Post by davee » Sat May 25, 2019 9:38 pm

Hey,

I have had a similar issue with AMDGPU with my R9 290 (Sea Islands). While I don't have the same 15 second freeze on boot, I do the get the intermittent freezes during normal usage of my system. I have also narrowed this down to the lm_sensors package, and specifically the issue occurs after a failure to read the fan1 state.

Code: Select all

# sensors -u
amdgpu-pci-0100
Adapter: PCI adapter
vddgfx:
  in0_input: 1.000
fan1:
ERROR: Can't get value of subfeature fan1_input: Can't read
temp1:
  temp1_input: 65.000
  temp1_crit: 104000.000
  temp1_crit_hyst: -273.150
power1:
  power1_average: 66.165
  power1_cap: 225.000
When this happens, I also get a similar powerplay error message in the amdgpu driver:

Code: Select all

amdgpu: [powerplay] 
 failed to send message 282 ret is 254
While this error has always been displayed for me, the freezing issue has only appeared for me after updating kernel from 4.19.27 to 4.19.44. I am looking for a more precise cause for this, but so far I have not found anything. Did you manage to get any further with your issue?
Top
Goverp
Advocate
Advocate
User avatar
Posts: 2403
Joined: Wed Mar 07, 2007 6:41 pm

  • Quote

Post by Goverp » Sun May 26, 2019 9:17 pm

FWIW I too get a very annoying 15 sec freeze on booting. Mine is a Radeon RX570. Thanks for the hints about lm-sensors - I'll dig a little. AFAIR I got rid of that package because my old AMD Phenom motherboard tells lies, rendering lm-sensors useless.
Greybeard
Top
miiichael
n00b
n00b
Posts: 1
Joined: Wed Jun 12, 2019 8:16 am

  • Quote

Post by miiichael » Wed Jun 12, 2019 8:41 am

Hi,

For the benefit of posters here, and googlers in general, here are my discoveries. R9 290 on Debian (shhh, don't tell anyone!). 4.19.0 AMD64 kernel.

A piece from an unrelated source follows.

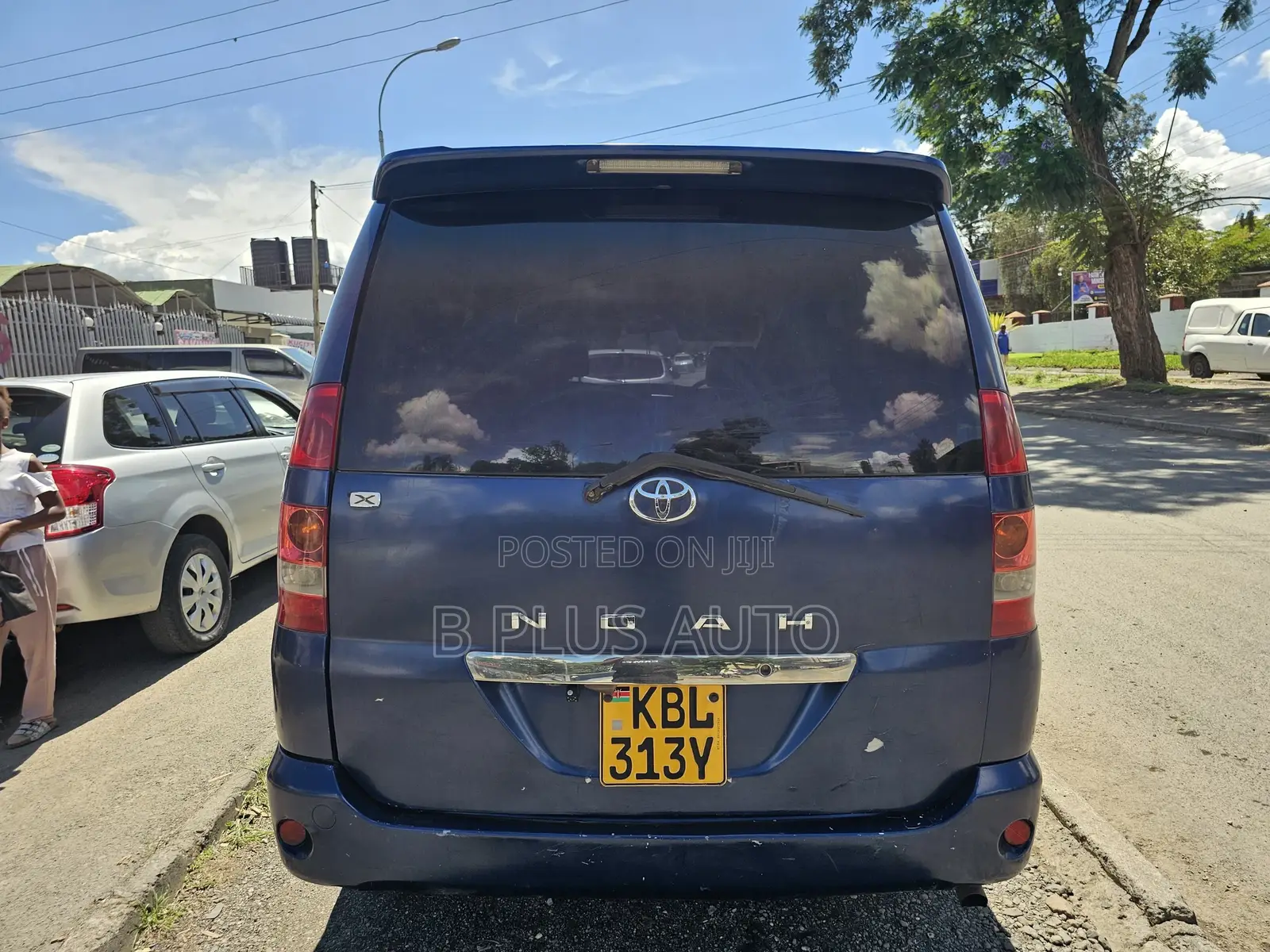 Toyota Noah 2005 Blue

Anyway, I've just noticed that when something touches /sys/class/hwmon/hwmon3/power1_average is the cause of the kernel error messages I get:

Code: Select all

root@joyola:/home/michael# time cat "/sys/class/hwmon/hwmon3/power1_average";tail /var/log/kern.log|grep $(date +%T)
32140000

real    0m0.498s
user    0m0.000s
sys     0m0.497s
Jun 12 16:26:00 joyola kernel: [399556.316094] amdgpu: [powerplay]
Jun 12 16:26:00 joyola kernel: [399556.316094]  failed to send message 282 ret is 254
I found this out by strace'ing /usr/bin/sensors, which on my system is invoked half a dozen times every five minutes via munin-node.

This does confirm suspicions that this is a kernel issue (as opposed to the xorg driver, or other ancillary libraries, etc).

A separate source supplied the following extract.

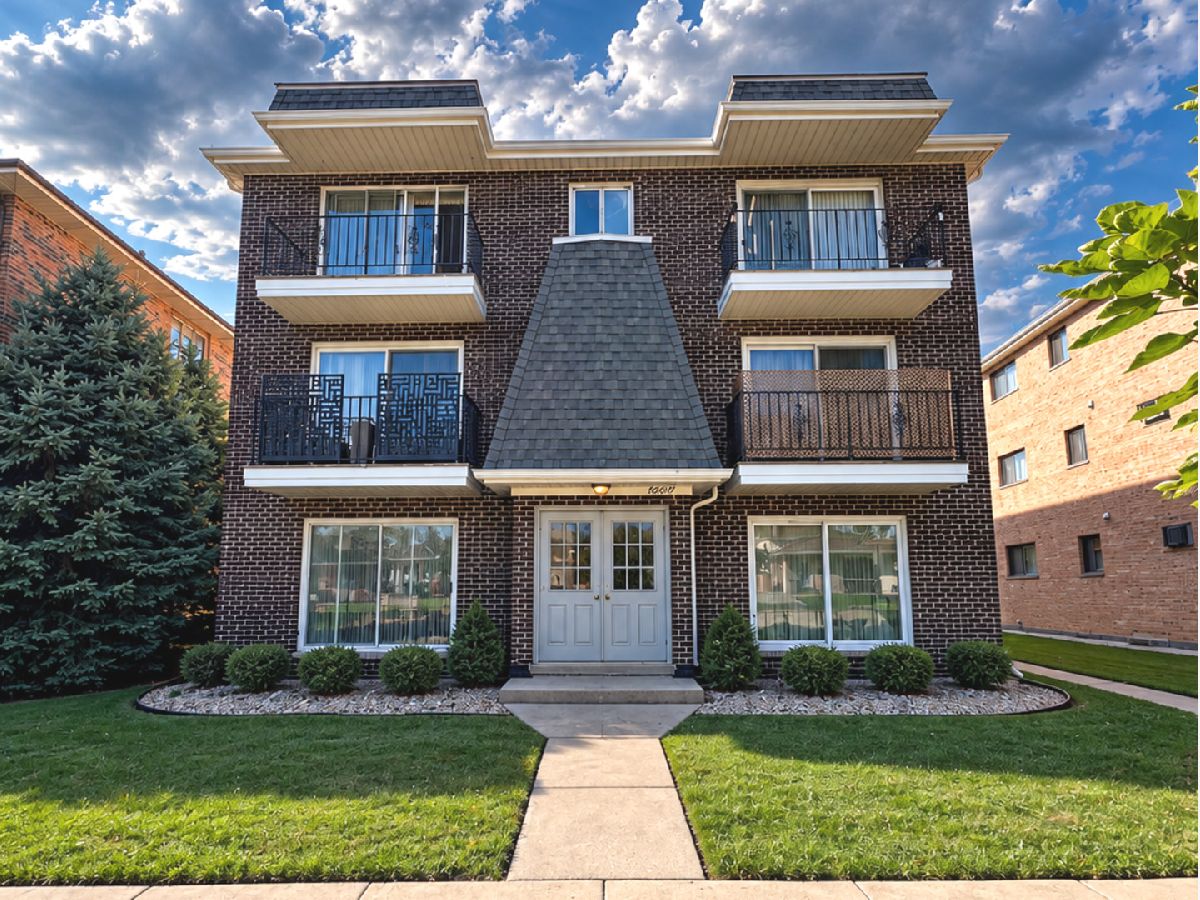  For Sale Chicago Ridge Illinois, 6119 Marshall Avenue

I can't comment on boot delays, as I don't really reboot often enough to be sure (plus I think my boot delay problems relate mostly to both eth0 and my ethernet over power waiting for the other to wake up before waking themselves up...).

Edited to add: BTW I have "radeon.cik_support=0 amdgpu.cik_support=1 radeon.si_support=0 amdgpu.si_support=1 amdgpu.dc_log=1 amdgpu.dc=0" set, if that matters.
Top
TigerJr
Guru
Guru
Posts: 540
Joined: Tue Jun 19, 2007 9:37 am

  • Quote

Post by TigerJr » Mon Jun 24, 2019 2:25 pm

miiichael wrote:Hi,

For the benefit of posters here, and googlers in general, here are my discoveries. R9 290 on Debian (shhh, don't tell anyone!). 4.19.0 AMD64 kernel.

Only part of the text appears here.